Tal como tinha informado e
baseado na
nossa querida Amiga Elvira Carvalho
começo hoje a publicar uma
séria de textos de
ficção sobre a doença de Down
ou seja o
mongolismo
A acção decorre no século
passado e
O tema é delicado mas
infelizmente
afecta muitas famílias.
É
difícil viver
com
um irmão
mongoloide
Antunes Ferreira
Tinha
nove anos quando nasceu o meu irmão Frederico. Lembro-me vagamente de quatro
anos antes quando a minha mãe deu à luz a minha irmã Leonor ter havido uma
grande festa lá em casa, até o pai Gilberto abriu uma garrafa de champanhe do
verdadeiro, no rótulo tinha champagne e o pai disse que era francês.
Mas
na tarde do dia 8 de Agosto do ano de 1959 quando o pai voltou da maternidade
trazia um rosto fechado completamente diferente. A avó Lurdes tinha-nos avisado
que graças a Deus já nascera um novo mano, no entanto arvorara um sorriso doce,
um sorriso que só ela sabia usar, mesmo nas horas mais difíceis.
A
tia Elsa, irmã da mãe, fora buscar-nos ao colégio Valsassina e quando lhe
perguntara se já nascera o bebé e se era menino ou menina respondera-me que
quando saíra de casa ainda nada se sabia. Depois foi o que aconteceu e que já
contei e fiquei com uma grande suspeita: ali havia coisa. O que seria? Em vez
de risos e festas, rostos carregados e desanimados.
Quando
nos sentámos à mesa para jantar o meu pai que como sempre ocupava a cabeceira
da mesa uniu as mãos inclinou a cabeça e começou a rezar Pai nosso que estais nos Céus… e nós fomos respondendo até ao amém final. Estava a família toda
reunida excepto a mãe ainda na maternidade, a tia Elsa, a Leonor na cadeirinha
de criança, a avó Lurdes, o primo Olegário que andava em Direito e morava lá em
casa pois os pais viviam em Celorico de Basto e eu.
Foi
então que o pai anunciou com um ar um tanto solene e meio sisudo que já
tínhamos um novo irmão mas que por vontade de Deus nosso Senhor nascera um
pouco diferente porém devíamos amá-lo, tratá-lo, acompanhá-lo e ajudá-lo em
tudo o que ele necessitasse e virando-se para mim dissera-me que eu sendo o
primogénito tinha de ser o primeiro a tomar conta dele, bem como toda a
família. Não perguntei porquê, mas fiquei a matutar no assunto.
Quando
me fui deitar e antes de me encomendar ao meu Anjo da Guarda o pai veio
aconchegar-me o lençol e o cobertor de Verão e disse-me: Armando o teu novo irmão vai chamar-se Frederico que era o nome do teu
avô materno casado com a avó Lurdes, um homem de bem como sabes. Tens de honrar
o nome e cuidar com a maior atenção o Frederico porque ele precisa de ti em
especial. Claro que lhe respondi com um sim imediato. Ele afagou-me o
cabelo, deu-me um beijo, apagou a luz eu virei-me para o lado e tentei dormir.
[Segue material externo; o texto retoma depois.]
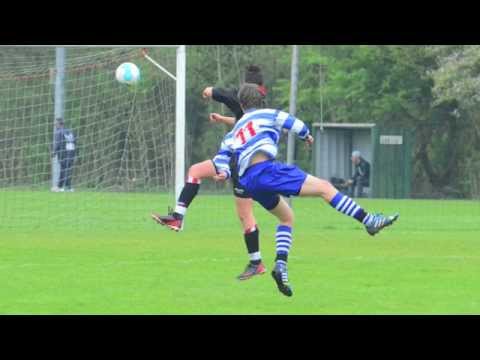 OLIVEO C2 - HBS C4 in actie in Pijnacker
Levei mais tempo do que habitualmente. O que se passaria?
Dois
dias depois fui com a tia Elsa no carro do pai à maternidade ver a mãe e o bebé
e qual foi o meu espanto quando vi que ele tinha o aspecto de ser mais ou menos
achinesado e bastante enrugado. A mamã que me conhecia muito bem – era o seu
primogénito – disse-me num tom suave mas meio magoado que não me preocupasse
porque Nosso Senhor tinha decidido que o Frederico teria esse ar mas era igual
aos outros meninos tinha corpo e alma como todos.
Claro
que sorri e para não restar quaisquer dúvidas dei um beijinho levemente no meu
maninho, fiz-lhe uma festinha sob o olhar embevecido da mamã, papá e da tia
Elsa. No entanto tenho de confessar que por dentro estava muito atrapalhado.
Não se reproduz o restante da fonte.